This all changed when Lindsey took a course in constitutional law, which led him to a life-changing conclusion: “I liked the way economists made decisions, and I didn’t like the way the legal profession made decisions.”
Being a lawyer, he decided, was too adversarial for him, “too much like fighting in the arena. How much better just to be logical? I like the idea that you had an objective and that you had tools to see how you could achieve that objective.” Most economics, said Lindsey, is common sense. “That’s because it’s based on the notion that we’re utility maximizers, which is a pretty commonsensical way of thinking about human behavior.”
He was talking to students in Associate Professor of Economics Stephen Meardon ’93’s class Econ 3513, The History of Economics at Bowdoin. The course examines two centuries of scholarship on the subject at the College, starting in 1824, when Bowdoin became the first college in New England to designate a faculty position in political economy. Using public documents and institutional archives, students explore the contribution of numerous Bowdoin scholars through the ages—faculty and alumni—investigating their contributions to economic thought, pedagogy, and policy.
This list of scholars includes Lindsey, a former Harvard professor who held policy positions under three Republican US presidents. He is also known for correctly predicting the stock market bubble of the late 1990s while serving as governor of the Federal Reserve, and for accurately predicting that the financial costs of the Iraq war would be much higher than White House estimates—a dispute that cost Lindsey his job as chief economic adviser to President George W. Bush in 2002.

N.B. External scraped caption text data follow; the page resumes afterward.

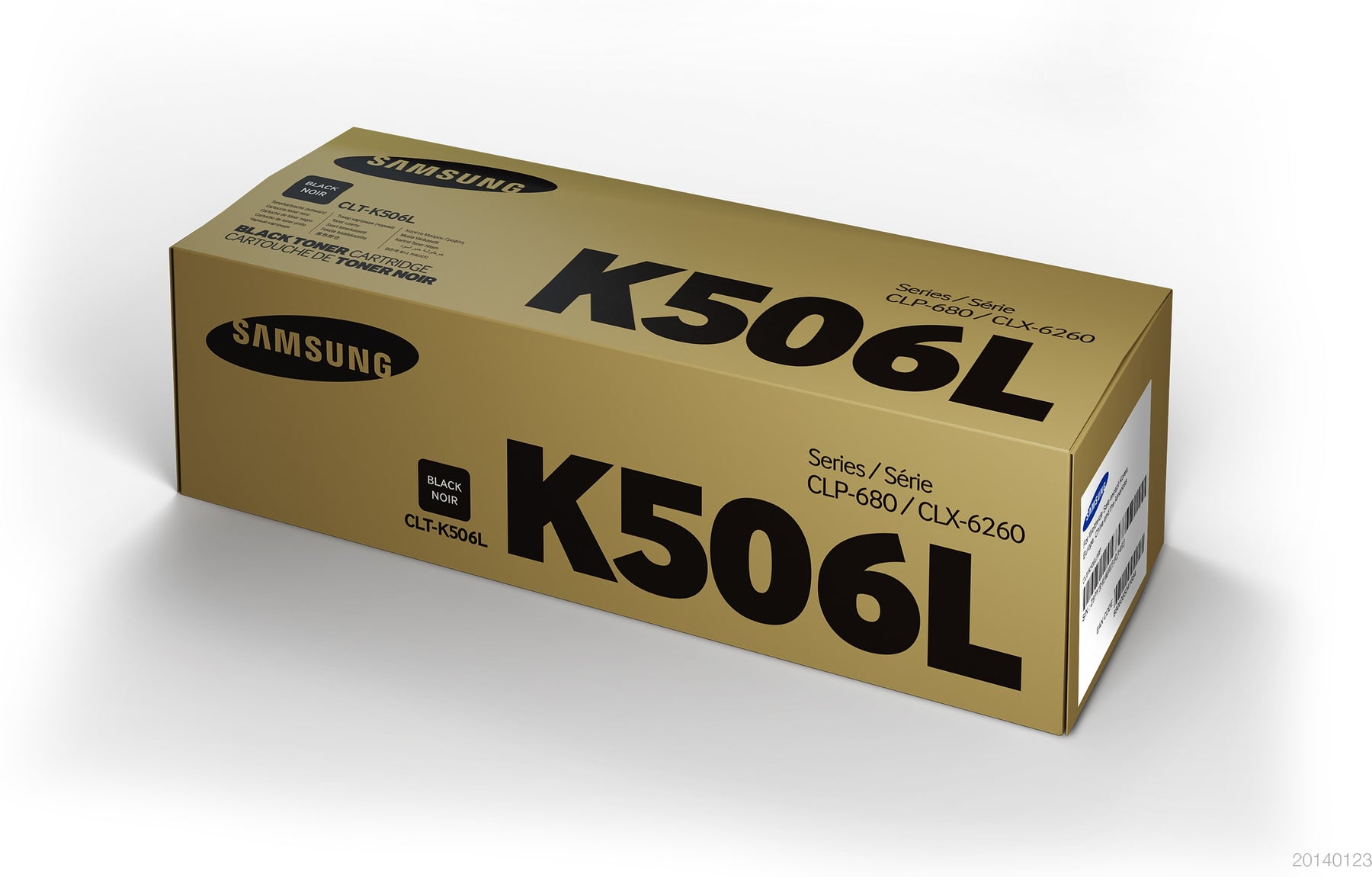 Samsung CLT-K506L - Alto Rendimento - preto - original - cartucho de toner (SU171A) - para Samsung CLP-680DW, CLP-680ND, CLX-6260FD, CLX-6260FR, CLX-6260FW, CLX-6260ND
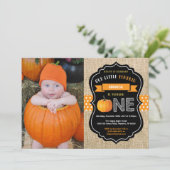 Invitation pour le premier anniversaire de citroui (Debout devant)
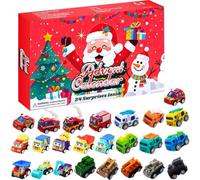 Calendrier de l'Avent de Noël pour enfants, 24 pièces, calendrier de l'Avent en voiture, calendrier de l'Avent 2026, cadeau de collection pour garçons et amateurs de voitures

During the ninety-minute conversation, Lindsey answered questions from the class on a range of topics, including taxation policy, how to deal with a recession, and his outlook for the financial markets, which is not optimistic: “We have the biggest peacetime deficit ever in a full-employment economy,” he observed, predicting a “sizeable adjustment” in asset prices next year. No matter who wins this year’s presidential election, warned Lindsey, “I think we’re in for a market disaster in 2025. That’s when the rubber hits the road.”